What is the purpose of a story?

How can writers create a strong narrative when pressures to fit within certain expectations mount?

Is creative license and freedom slowly dying to the drumbeat of popular demand and an increasingly politicized climate?

Can authors just tell a good story, or will such an approach spell future doom?

What a Story Shouldn’t Be

In art, do you ever notice those details that don’t seem to match up? A song drifting too far toward a peppy beat for the lyrics? A movie scene where melodrama rules when plain drama would suffice? The feeling a character doesn’t quite belong in a novel?

Maybe that’s nothing more than poor execution, but it could also be the result of shoehorning a certain message, theme, character arc, or anything else into the story. Simply for the sake of pushing a specific agenda or checking off someone else’s set of boxes.
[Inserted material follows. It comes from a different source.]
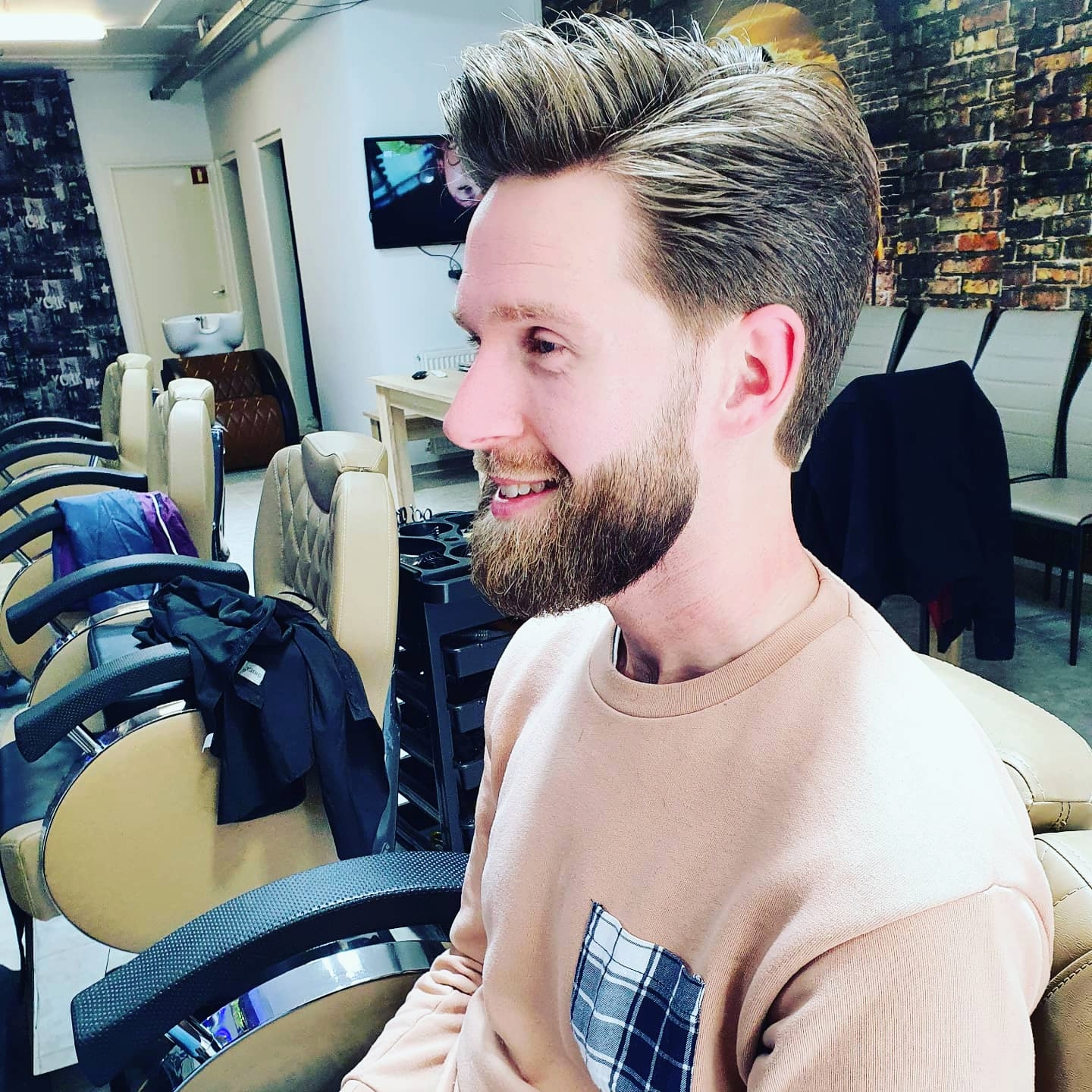 Lachende klant met een gestylede kuif en volle baard in de kappersstoel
Unfortunately, such a mindset plagues Christian as well as secular publishing. One end pushes for diverse characters, increased sexuality, or whatever the soup-of-the-week selection happens to be.

The other end is equally at fault, though for different reasons. Driving a moralistic message into the narrative. Insisting upon a conversation experience. Slipping a religious undertone into every passage.

While we can argue that some agendas are less harmful than others, the fact remains that such purposeful confining of a story shouldn’t even be on the radar.

What a Story Should Be

A story should have an agenda. One so simple it makes 1+1 look complicated. At the end of the day, a story’s primary goal should be to entertain the reader. That simplicity comes with many layers of increasing complexity, because a story that grips and compels has many parts.

Rather than one individual pet peeve or agenda being the emphasis, however, each should contribute its part to making the whole work shine.

Let the story flow naturally, every aspect strengthening the rest, growing out of the nurtured soil of a darn good tale. From there, the meaning will arise.

That doesn’t mean themes, messages, and implications are pointless. The difference lies in the approach. It’s one thing to say, “Let me write a story as a means of trumpeting my soap box issue.” It’s quite another to say, “What is this story about?” and then write a plot, characters, theme, and world genuinely reflecting that.

Authenticity, Not Agenda

A story, if nothing else, must be authentic. Not gagged and disfigured by this demand or that agenda until it becomes but a shadow of its potential glory.

Let us not intentionally write a story focusing on a certain underprivileged group merely for the sake of appeasing people. If that’s the story burning on your heart, and you want to share it, that’s perfectly fine.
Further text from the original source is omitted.